◆ Prompt: An exact copy of all the data is needed, with every picture left out.

─── Given information ───

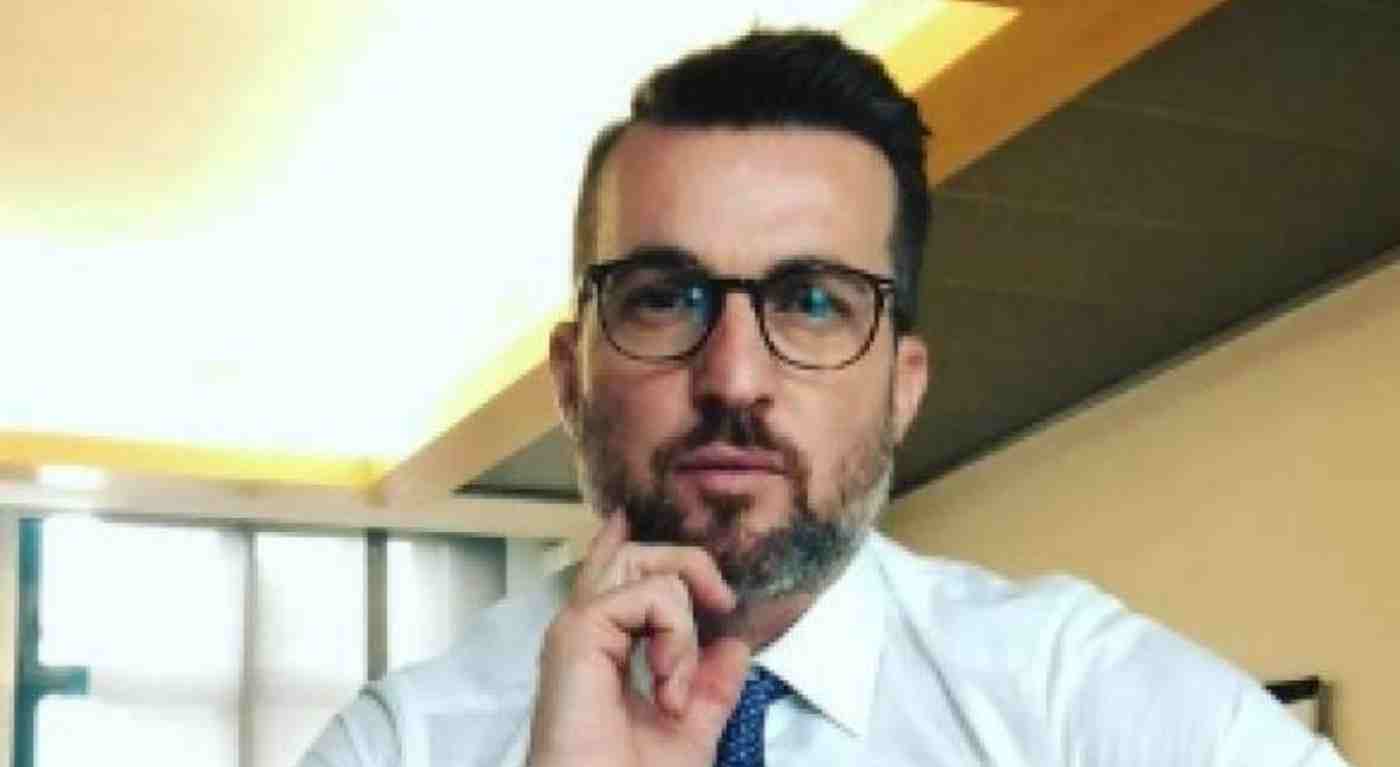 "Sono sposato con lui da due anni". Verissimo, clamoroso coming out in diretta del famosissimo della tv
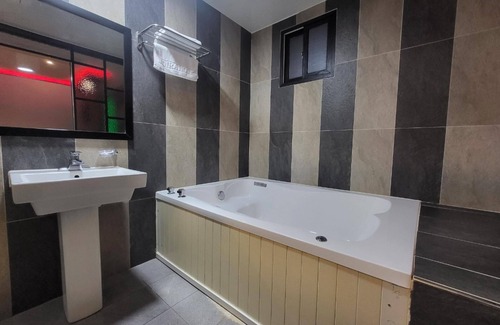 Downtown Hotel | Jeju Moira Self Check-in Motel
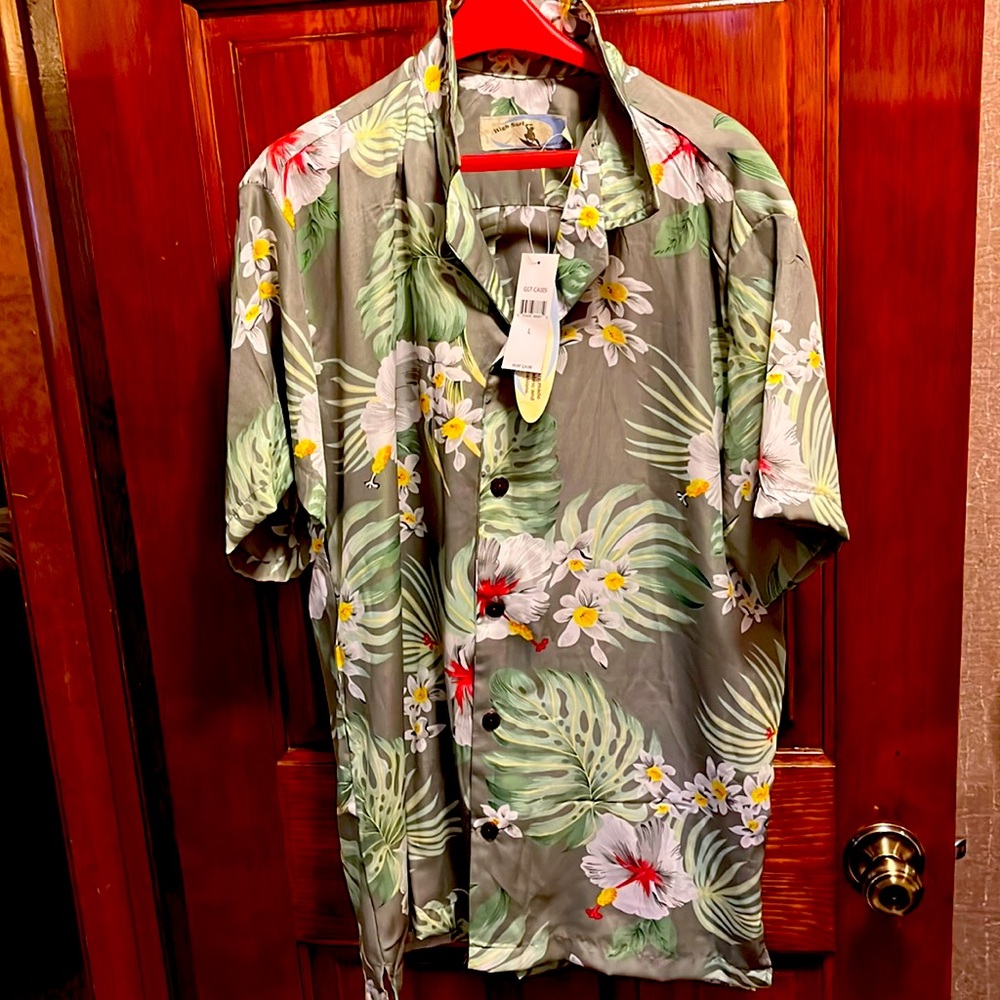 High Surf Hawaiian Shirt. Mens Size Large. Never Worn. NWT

───

◆ Result:
 "Sono sposato con lui da due anni". Verissimo, clamoroso coming out in diretta del famosissimo della tv
 Downtown Hotel | Jeju Moira Self Check-in Motel
 High Surf Hawaiian Shirt. Mens Size Large. Never Worn. NWT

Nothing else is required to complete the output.